Micros urbains à Beaubrun Tarentaize : un camouflet pour la municipalité

Communiqué des élus du groupe Nouvelle Gauche à la ville de Saint-Etienne, Myriam ULMER et Pierrick COURBON concernant la mise en place de micros urbains dans les quartiers de Beaubrun et de Tarentaise.

À l’occasion du Conseil municipal du 11 février 2019, les élus du groupe « Nouvelle Gauche » ont inscrit dans le débat public le sujet, jusqu’alors complètement confidentiel, du projet municipal d’installer des capteurs sonores dans les rues des quartiers de Beaubrun et de Tarentaize.

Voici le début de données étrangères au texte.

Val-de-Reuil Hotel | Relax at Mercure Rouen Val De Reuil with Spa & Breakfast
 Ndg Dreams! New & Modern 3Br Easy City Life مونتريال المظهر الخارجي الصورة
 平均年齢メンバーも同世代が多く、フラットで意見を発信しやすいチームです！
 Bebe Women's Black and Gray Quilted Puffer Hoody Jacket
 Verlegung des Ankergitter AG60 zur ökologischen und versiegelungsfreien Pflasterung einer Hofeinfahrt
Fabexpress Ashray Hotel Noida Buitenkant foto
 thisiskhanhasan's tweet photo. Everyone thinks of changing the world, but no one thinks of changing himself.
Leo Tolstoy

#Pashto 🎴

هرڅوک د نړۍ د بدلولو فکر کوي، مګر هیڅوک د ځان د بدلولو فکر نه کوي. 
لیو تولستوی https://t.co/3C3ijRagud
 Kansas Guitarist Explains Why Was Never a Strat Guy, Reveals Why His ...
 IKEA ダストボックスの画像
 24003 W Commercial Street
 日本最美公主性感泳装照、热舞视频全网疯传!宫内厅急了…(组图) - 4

Au-delà de la pertinence même du dispositif et des questions qu’il soulève en matière de préservation des libertés individuelles, nous avions questionné le Maire sur les dispositions juridiques encadrant cette expérimentation. Nous avions en particulier demandé à recevoir l’avis complet de la CNIL et l’autorisation censée être délivrée par le Ministère de l’Intérieur. Sans réponse lors du Conseil municipal, nous avions à nouveau formulé ces demandes par un courrier du 25 février 2019, lui-même resté sans réponse à ce jour !

Alors que les premiers micros devaient être installés en mars, puis, à la suite d’un premier report, en mai, nous apprenons aujourd’hui que la Mairie de Saint-Étienne ne dispose pas de toutes les autorisations nécessaires à l’heure actuelle !

La mobilisation des élus, des habitants, et des défenseurs des libertés individuelles que nous avions sollicités pour l’occasion (La Quadrature du Net) aura permis de mettre en lumière l’irresponsabilité de la municipalité qui avançait tel un rouleau compresseur, en dehors de tout cadre légal.

Nous sommes particulièrement étonnés d’apprendre que la CNIL ne s’est pas prononcée à ce stade, alors que les défenseurs de l’expérimentation n’ont eu de cesse d’argumenter sur le fait qu’elle avait émis un avis favorable pour ce projet ! «“Nous n’enregistrons rien. La CNIL a validé le fait que nous détectons seulement la signature acoustique”, rassure Fabrice KOSZYK » écrivait le journal L’Essor en février 2019.

Les défenseurs du projet ont donc bel et bien menti délibérément aux Stéphanois.
Aujourd’hui, ils doivent s’en expliquer devant eux.